### To do
In the records below, find the line with "移民澳洲132项目投资有哪些要求？移民澳洲132项目投资前景如何？1.jpg" and the line with "Jan Krůta ml."; return exactly those lines and every line between them.

### Material provided
═══

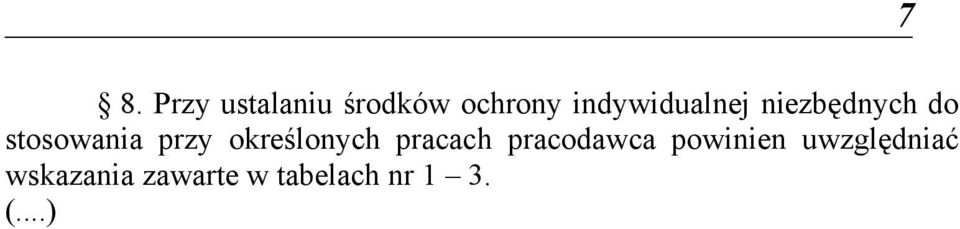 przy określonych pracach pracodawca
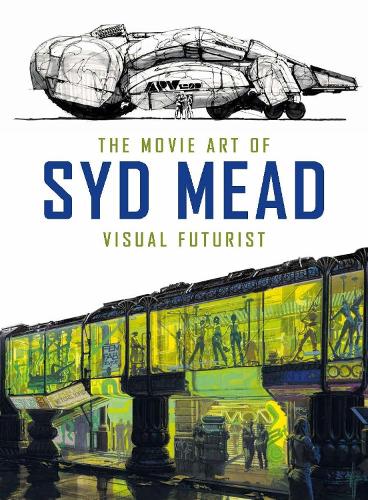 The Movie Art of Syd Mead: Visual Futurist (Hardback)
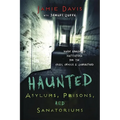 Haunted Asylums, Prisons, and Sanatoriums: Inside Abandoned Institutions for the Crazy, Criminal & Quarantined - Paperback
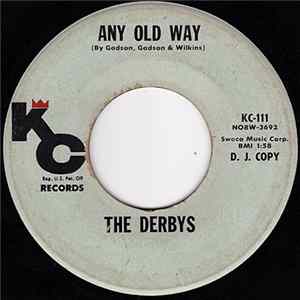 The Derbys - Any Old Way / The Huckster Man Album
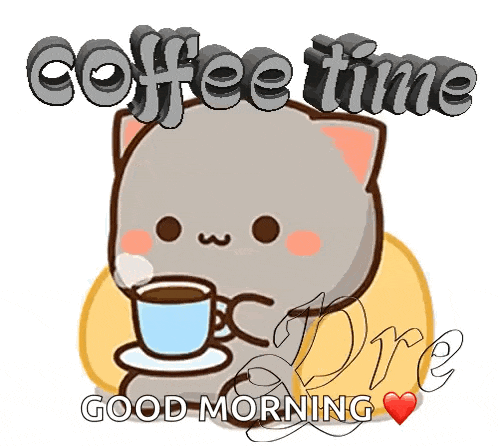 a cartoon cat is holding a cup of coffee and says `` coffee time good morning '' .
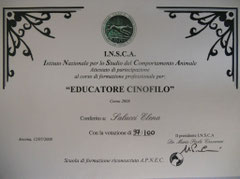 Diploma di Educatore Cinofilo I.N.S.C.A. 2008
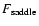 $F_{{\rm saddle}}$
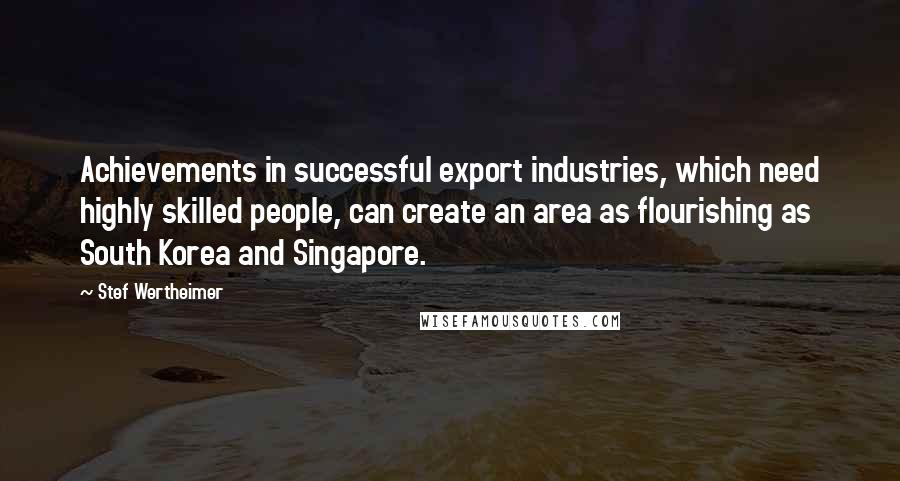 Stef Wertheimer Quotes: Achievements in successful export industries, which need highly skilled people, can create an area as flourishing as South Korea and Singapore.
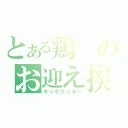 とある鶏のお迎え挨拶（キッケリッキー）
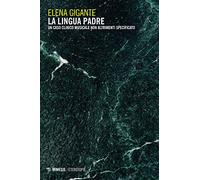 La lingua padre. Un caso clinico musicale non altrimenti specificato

═══

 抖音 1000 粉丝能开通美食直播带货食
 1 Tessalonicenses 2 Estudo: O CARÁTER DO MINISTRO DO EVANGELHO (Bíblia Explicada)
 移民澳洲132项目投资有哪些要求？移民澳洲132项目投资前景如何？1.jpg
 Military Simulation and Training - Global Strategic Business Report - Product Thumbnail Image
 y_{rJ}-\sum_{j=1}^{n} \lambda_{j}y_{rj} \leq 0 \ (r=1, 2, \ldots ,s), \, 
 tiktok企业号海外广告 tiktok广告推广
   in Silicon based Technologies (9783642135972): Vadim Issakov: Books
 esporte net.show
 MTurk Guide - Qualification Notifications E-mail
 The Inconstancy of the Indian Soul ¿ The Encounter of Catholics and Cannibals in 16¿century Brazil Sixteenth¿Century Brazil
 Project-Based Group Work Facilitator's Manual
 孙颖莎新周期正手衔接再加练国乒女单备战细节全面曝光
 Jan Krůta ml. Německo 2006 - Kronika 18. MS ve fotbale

═══

### Answer section
 移民澳洲132项目投资有哪些要求？移民澳洲132项目投资前景如何？1.jpg
 Military Simulation and Training - Global Strategic Business Report - Product Thumbnail Image
 y_{rJ}-\sum_{j=1}^{n} \lambda_{j}y_{rj} \leq 0 \ (r=1, 2, \ldots ,s), \, 
 tiktok企业号海外广告 tiktok广告推广
   in Silicon based Technologies (9783642135972): Vadim Issakov: Books
 esporte net.show
 MTurk Guide - Qualification Notifications E-mail
 The Inconstancy of the Indian Soul ¿ The Encounter of Catholics and Cannibals in 16¿century Brazil Sixteenth¿Century Brazil
 Project-Based Group Work Facilitator's Manual
 孙颖莎新周期正手衔接再加练国乒女单备战细节全面曝光
 Jan Krůta ml. Německo 2006 - Kronika 18. MS ve fotbale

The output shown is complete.